Diğer bir şair ve düşünürümüz Sezai Karakoç da şehirlerimiz için üzüntüsünü belirterek şunları söylüyor: “Büyük şehirler, ikinci bir tabiat doğurdu. Nesebi sahih olmayan bir tabiat doğurdu. Gülleri var, kokmaz. Gül, kokusundan ayrılmış. Gül, ağacın üstünde kokusuz. Koku, kimya zehirine bata bata ekşileşmiş acılaşmış olarak, şişede gülsüz. Evet, büyük şehirde, gül kokusuz, koku gülsüz.” (Sezai Karakoç, Sütun, s. 211)

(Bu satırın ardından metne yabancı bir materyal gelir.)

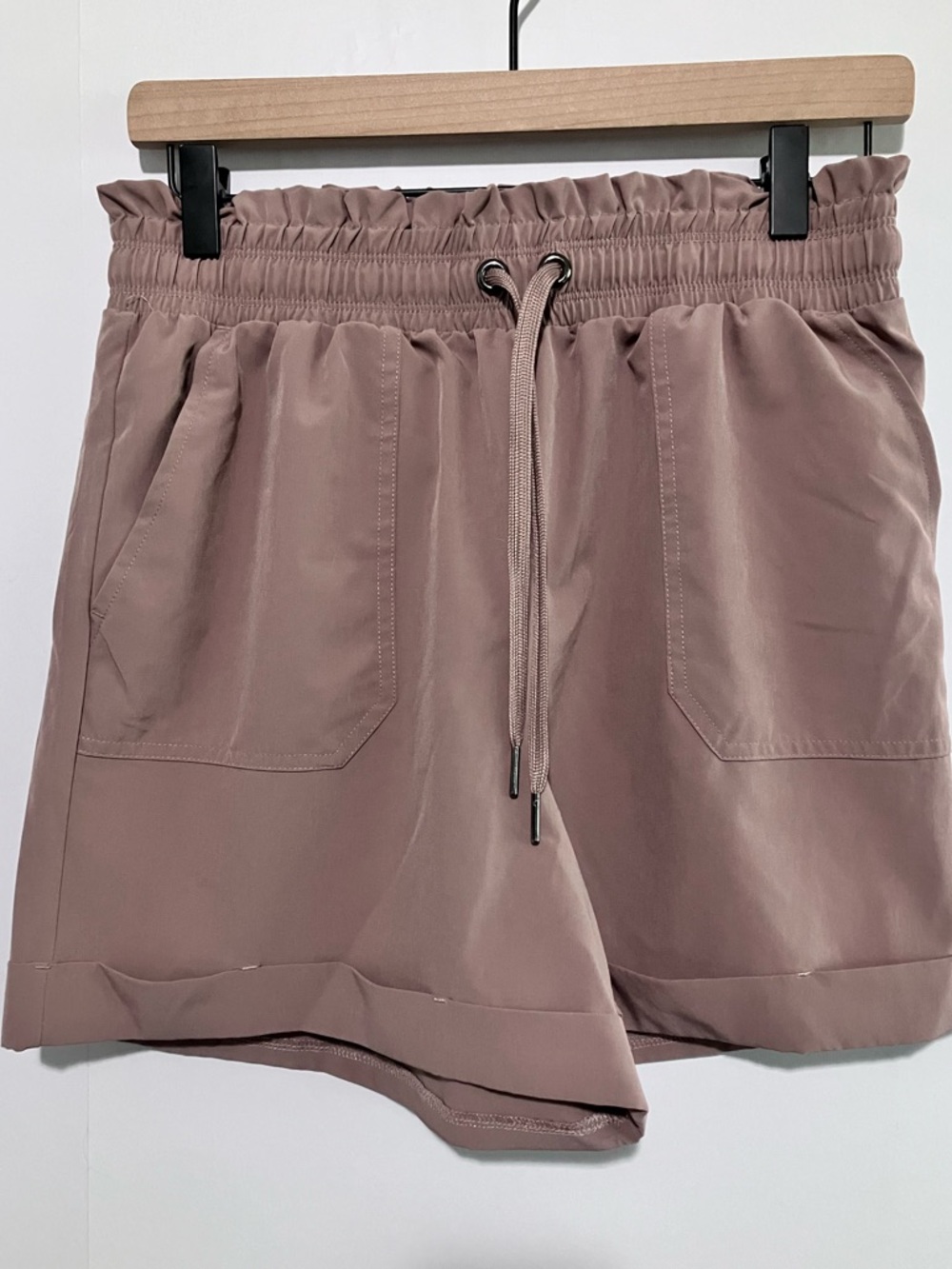 Danskin Purple Paper Bag 4 inch Shorts Size Small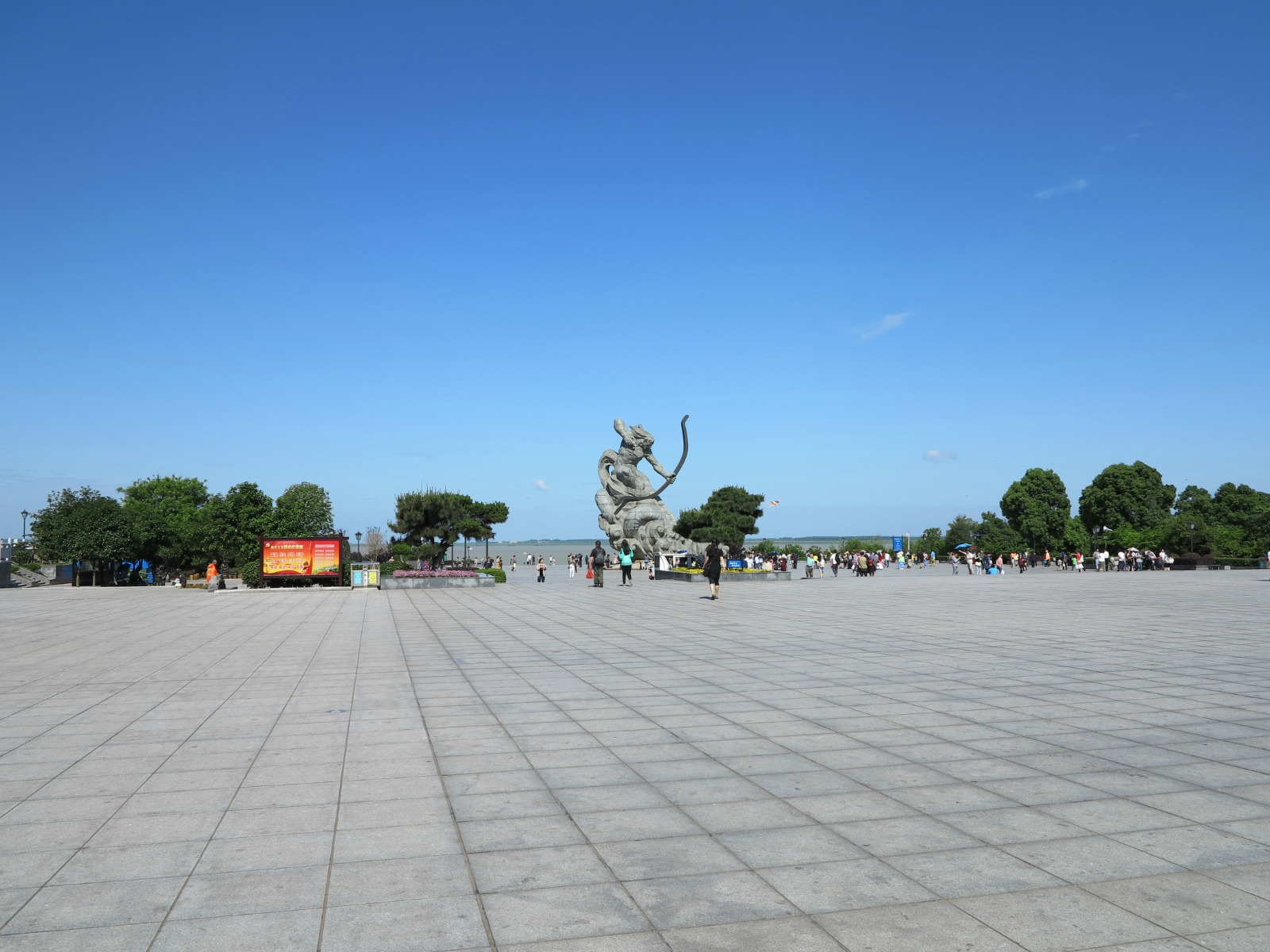 2019巴陵广场游玩攻略,让游人有了与水更加亲近的机.【去哪儿攻略】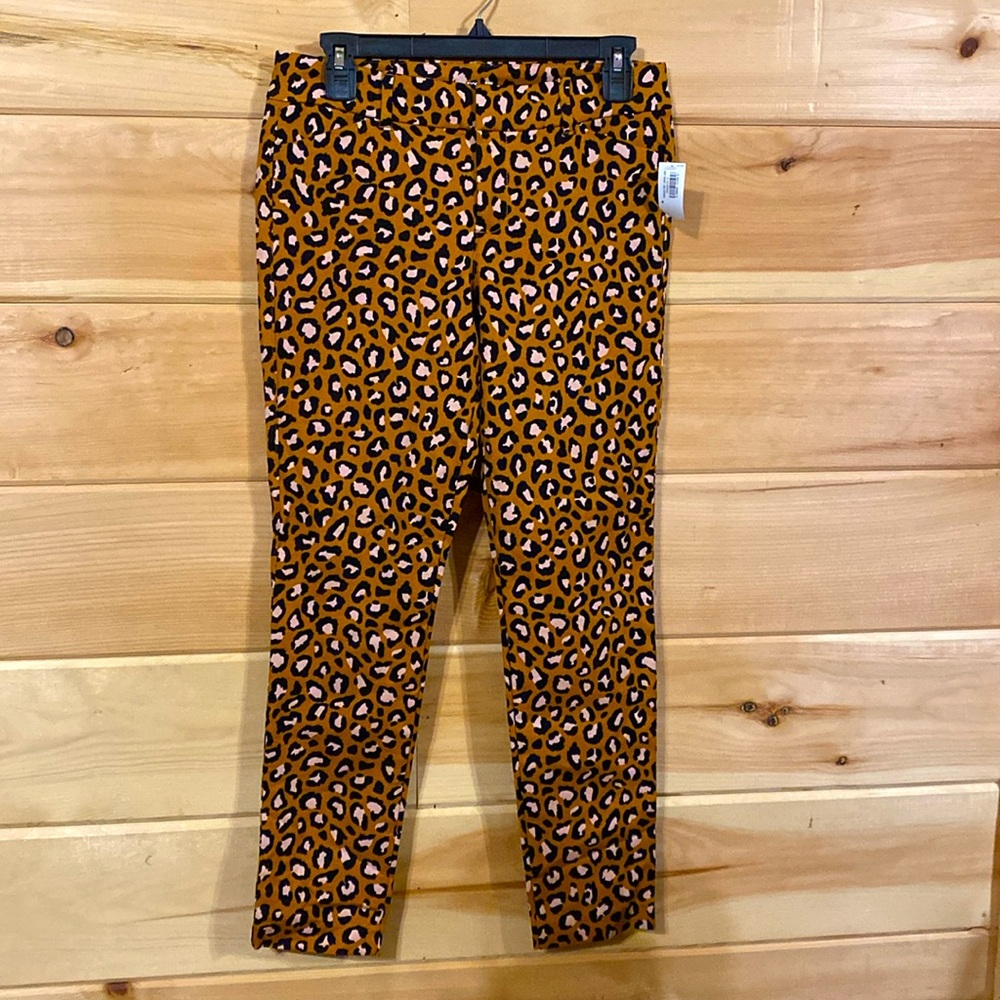 NWT Old navy size 4 ladies ankle pants. $14. Animal print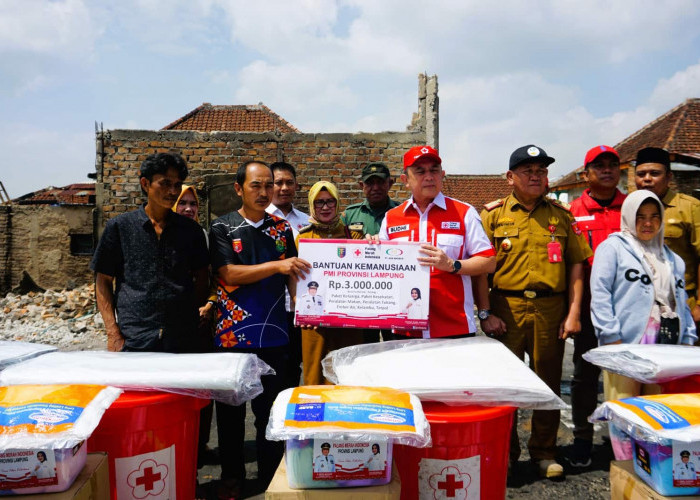 PMI Provinsi Lampung Salurkan Bantuan Kepada Korban Kebakaran di Pekon Sukananti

            Uğruna şiirler yazılmış, kalemlerin dile geldiği, hayrete düşüren ihtişamlara sahip, tarih ve medeniyet dokusu taşıyan şehirlerimizin ardından şimdi el mi sallayalım? Buna karşılık onları kucaklayalım, içinde barındırdığı eserleri, mesken tutmasına izin verdiği âlimleri ve evliyâları anlamaya çalışsak daha iyi olmaz mı? Oysa şehirlerimiz çarpık yapılaşma ve gürültü kirliliğine maruz kalıyor. Ecdat yadigârı tarihi binaların özenle korunması gerekmez mi? Yeni oluşturulacak yerleşim yerleri tarım alanlarını yok etmemeli.İşletmeler şehrin havasını kirletmeyecek şekilde şehir dışındaki yerlere yapılmalı. Köylerden şehirlere büyük göç dalgalarını önleyecek tedbirler alınmalı, hatta yeniden köylere göç hareketleri başlaması için devlet gereken desteği ve teşvikleri sağlamalıdır.
            Anadolu coğrafyası ve şehirlerimizin yeniden büyük bir ilim, irfan ve hikmet mektebine dönüşmesi ve İslam dünyasına da örnek olması için yapılan her çalışma değerlidir.